● EXERCISE PROMPT:
In the listing below, find the line containing "Ubat Telinga Ear" and the line containing "Hình ảnh người". Repeat exactly those two lines and every line between them, nothing more.

● ENTRIES SHOWN:
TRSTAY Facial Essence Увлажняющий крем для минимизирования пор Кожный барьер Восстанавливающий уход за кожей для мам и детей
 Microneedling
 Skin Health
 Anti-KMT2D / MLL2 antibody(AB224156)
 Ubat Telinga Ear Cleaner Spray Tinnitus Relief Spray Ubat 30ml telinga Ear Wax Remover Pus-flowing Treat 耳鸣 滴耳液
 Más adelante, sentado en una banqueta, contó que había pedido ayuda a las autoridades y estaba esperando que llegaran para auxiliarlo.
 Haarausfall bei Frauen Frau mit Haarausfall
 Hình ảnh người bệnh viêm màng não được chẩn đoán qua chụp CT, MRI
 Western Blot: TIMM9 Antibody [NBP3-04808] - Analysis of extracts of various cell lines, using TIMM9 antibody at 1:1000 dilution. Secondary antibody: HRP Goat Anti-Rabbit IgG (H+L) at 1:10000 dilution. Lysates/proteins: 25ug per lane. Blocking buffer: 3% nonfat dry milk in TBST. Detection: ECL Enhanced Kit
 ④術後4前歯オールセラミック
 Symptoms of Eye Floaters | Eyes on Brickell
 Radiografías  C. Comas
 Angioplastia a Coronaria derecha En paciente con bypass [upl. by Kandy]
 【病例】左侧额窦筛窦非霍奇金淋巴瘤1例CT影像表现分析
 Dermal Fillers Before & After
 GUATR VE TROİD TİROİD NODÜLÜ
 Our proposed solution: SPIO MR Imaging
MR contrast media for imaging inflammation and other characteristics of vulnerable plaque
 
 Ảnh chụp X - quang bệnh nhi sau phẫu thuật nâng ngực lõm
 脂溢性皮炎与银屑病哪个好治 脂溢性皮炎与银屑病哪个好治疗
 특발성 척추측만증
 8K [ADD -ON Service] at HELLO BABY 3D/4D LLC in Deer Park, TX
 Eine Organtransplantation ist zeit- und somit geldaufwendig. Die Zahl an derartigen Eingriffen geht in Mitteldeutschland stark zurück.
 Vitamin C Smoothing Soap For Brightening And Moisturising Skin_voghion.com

● RESULT OF THE TASK:
 Ubat Telinga Ear Cleaner Spray Tinnitus Relief Spray Ubat 30ml telinga Ear Wax Remover Pus-flowing Treat 耳鸣 滴耳液
 Más adelante, sentado en una banqueta, contó que había pedido ayuda a las autoridades y estaba esperando que llegaran para auxiliarlo.
 Haarausfall bei Frauen Frau mit Haarausfall
 Hình ảnh người bệnh viêm màng não được chẩn đoán qua chụp CT, MRI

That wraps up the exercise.